**WORK ITEM**.
After locating the line that contains "Handmade Soft Genuine", restate it and each later line word for word through the end of the records.

**GIVEN RECORDS**.
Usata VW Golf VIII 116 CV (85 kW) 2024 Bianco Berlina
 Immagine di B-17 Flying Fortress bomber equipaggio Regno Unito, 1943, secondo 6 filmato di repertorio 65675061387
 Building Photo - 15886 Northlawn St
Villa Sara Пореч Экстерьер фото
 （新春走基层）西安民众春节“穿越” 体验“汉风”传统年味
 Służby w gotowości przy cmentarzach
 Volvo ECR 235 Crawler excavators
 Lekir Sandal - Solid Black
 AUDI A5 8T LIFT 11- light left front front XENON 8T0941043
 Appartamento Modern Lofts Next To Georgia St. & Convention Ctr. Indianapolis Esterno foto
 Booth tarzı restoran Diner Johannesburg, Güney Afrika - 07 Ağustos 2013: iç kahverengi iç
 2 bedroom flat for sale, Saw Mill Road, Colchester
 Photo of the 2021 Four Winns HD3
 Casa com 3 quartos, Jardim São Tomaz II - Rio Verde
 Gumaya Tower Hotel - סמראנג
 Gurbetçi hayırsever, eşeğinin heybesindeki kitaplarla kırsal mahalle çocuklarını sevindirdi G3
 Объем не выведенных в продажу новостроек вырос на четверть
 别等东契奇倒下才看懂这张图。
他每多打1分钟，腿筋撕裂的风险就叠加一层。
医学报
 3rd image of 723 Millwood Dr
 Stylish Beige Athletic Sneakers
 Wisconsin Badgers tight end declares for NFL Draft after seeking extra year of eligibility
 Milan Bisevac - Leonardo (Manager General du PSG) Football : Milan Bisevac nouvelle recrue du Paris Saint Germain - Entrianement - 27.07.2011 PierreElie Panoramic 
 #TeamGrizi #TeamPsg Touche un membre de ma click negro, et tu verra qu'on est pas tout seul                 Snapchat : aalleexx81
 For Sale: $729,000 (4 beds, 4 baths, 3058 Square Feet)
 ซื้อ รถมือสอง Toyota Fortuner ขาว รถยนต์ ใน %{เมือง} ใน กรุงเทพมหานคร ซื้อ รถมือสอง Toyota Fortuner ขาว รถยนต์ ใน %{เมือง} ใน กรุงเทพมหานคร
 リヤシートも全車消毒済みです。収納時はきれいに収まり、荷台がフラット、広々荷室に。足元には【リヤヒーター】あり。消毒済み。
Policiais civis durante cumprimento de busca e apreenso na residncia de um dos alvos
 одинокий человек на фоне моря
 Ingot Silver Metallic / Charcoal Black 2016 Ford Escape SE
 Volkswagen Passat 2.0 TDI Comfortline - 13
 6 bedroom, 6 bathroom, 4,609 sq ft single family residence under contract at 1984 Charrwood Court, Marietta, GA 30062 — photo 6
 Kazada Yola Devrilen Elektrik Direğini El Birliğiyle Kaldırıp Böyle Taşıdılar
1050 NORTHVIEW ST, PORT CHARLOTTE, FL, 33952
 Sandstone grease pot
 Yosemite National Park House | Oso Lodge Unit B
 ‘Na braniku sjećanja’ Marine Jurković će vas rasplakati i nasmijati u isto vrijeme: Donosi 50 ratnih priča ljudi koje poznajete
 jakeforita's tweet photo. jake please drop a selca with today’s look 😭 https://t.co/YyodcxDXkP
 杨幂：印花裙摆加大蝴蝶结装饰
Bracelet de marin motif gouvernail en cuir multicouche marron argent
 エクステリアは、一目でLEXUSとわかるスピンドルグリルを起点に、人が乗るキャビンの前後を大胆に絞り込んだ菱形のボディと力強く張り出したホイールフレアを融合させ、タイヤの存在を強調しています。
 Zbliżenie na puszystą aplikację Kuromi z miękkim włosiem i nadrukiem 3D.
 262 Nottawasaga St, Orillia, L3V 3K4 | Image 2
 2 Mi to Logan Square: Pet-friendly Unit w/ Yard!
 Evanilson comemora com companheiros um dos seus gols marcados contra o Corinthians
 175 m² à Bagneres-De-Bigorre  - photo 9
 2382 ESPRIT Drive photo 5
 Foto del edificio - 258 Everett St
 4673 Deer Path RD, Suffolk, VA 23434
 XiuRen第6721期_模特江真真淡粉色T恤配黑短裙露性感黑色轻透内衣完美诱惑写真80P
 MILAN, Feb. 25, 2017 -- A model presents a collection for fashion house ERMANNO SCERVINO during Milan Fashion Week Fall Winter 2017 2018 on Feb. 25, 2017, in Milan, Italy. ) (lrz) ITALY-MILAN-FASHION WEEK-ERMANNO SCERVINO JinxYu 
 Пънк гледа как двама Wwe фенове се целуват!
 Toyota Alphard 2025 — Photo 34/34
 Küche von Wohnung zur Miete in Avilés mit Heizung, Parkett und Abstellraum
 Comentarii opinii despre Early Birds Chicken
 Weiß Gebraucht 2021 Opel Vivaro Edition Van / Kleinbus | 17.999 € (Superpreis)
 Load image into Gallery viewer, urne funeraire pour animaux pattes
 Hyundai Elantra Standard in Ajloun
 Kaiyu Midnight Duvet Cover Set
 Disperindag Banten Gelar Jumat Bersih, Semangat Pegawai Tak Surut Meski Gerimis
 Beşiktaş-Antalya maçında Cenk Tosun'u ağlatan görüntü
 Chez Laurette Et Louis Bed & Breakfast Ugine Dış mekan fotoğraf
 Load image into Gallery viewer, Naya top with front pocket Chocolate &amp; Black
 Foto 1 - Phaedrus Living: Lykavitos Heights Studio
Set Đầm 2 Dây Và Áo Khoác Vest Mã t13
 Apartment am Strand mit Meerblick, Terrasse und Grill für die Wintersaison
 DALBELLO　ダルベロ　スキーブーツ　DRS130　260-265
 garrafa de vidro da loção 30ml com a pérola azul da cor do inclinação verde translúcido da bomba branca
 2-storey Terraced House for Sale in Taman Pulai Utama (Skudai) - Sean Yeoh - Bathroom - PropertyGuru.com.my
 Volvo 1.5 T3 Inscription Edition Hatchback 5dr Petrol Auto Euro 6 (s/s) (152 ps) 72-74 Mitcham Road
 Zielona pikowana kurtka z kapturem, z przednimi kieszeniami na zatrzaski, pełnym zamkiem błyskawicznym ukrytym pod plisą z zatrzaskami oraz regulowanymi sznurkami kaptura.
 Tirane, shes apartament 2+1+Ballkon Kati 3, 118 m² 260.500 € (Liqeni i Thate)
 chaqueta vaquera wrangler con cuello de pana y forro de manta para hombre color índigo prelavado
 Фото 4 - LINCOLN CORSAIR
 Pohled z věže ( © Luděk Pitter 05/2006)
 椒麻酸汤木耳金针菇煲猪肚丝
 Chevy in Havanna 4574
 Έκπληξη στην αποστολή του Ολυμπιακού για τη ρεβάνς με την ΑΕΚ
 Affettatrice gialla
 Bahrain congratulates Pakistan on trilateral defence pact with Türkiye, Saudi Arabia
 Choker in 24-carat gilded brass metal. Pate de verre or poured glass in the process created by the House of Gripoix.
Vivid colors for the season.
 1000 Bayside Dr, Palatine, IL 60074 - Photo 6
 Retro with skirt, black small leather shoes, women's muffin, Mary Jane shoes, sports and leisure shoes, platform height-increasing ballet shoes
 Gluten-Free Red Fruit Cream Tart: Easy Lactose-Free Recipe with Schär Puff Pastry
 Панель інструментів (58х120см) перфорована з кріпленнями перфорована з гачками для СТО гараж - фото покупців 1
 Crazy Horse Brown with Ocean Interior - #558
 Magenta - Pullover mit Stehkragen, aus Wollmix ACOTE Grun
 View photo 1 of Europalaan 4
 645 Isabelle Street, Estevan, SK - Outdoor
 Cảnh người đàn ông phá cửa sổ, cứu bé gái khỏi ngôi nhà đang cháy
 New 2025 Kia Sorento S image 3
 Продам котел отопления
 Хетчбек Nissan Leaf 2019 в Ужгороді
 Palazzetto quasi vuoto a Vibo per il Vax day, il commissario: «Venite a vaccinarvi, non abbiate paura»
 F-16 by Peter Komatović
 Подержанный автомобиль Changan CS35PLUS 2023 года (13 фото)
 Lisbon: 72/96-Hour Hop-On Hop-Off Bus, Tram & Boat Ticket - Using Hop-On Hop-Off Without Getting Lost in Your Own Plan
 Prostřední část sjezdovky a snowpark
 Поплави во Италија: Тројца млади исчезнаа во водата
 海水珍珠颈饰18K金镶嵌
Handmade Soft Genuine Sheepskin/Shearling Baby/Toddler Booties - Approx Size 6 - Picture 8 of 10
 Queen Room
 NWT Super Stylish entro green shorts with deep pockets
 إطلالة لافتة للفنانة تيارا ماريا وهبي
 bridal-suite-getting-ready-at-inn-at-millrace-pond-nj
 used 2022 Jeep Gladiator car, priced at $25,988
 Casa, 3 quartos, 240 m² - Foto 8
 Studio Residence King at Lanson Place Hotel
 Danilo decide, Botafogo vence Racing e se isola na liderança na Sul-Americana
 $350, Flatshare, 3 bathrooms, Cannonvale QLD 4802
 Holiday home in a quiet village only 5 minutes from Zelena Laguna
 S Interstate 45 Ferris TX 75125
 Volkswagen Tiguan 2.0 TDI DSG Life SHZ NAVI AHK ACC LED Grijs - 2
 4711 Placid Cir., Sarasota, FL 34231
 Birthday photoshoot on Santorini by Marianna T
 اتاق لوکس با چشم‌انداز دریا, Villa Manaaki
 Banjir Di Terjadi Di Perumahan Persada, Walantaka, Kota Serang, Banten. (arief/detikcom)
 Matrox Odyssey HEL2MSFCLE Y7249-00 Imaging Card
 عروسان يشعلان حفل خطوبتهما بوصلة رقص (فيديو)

**ANSWER SECTION**.
Handmade Soft Genuine Sheepskin/Shearling Baby/Toddler Booties - Approx Size 6 - Picture 8 of 10
 Queen Room
 NWT Super Stylish entro green shorts with deep pockets
 إطلالة لافتة للفنانة تيارا ماريا وهبي
 bridal-suite-getting-ready-at-inn-at-millrace-pond-nj
 used 2022 Jeep Gladiator car, priced at $25,988
 Casa, 3 quartos, 240 m² - Foto 8
 Studio Residence King at Lanson Place Hotel
 Danilo decide, Botafogo vence Racing e se isola na liderança na Sul-Americana
 $350, Flatshare, 3 bathrooms, Cannonvale QLD 4802
 Holiday home in a quiet village only 5 minutes from Zelena Laguna
 S Interstate 45 Ferris TX 75125
 Volkswagen Tiguan 2.0 TDI DSG Life SHZ NAVI AHK ACC LED Grijs - 2
 4711 Placid Cir., Sarasota, FL 34231
 Birthday photoshoot on Santorini by Marianna T
 اتاق لوکس با چشم‌انداز دریا, Villa Manaaki
 Banjir Di Terjadi Di Perumahan Persada, Walantaka, Kota Serang, Banten. (arief/detikcom)
 Matrox Odyssey HEL2MSFCLE Y7249-00 Imaging Card
 عروسان يشعلان حفل خطوبتهما بوصلة رقص (فيديو)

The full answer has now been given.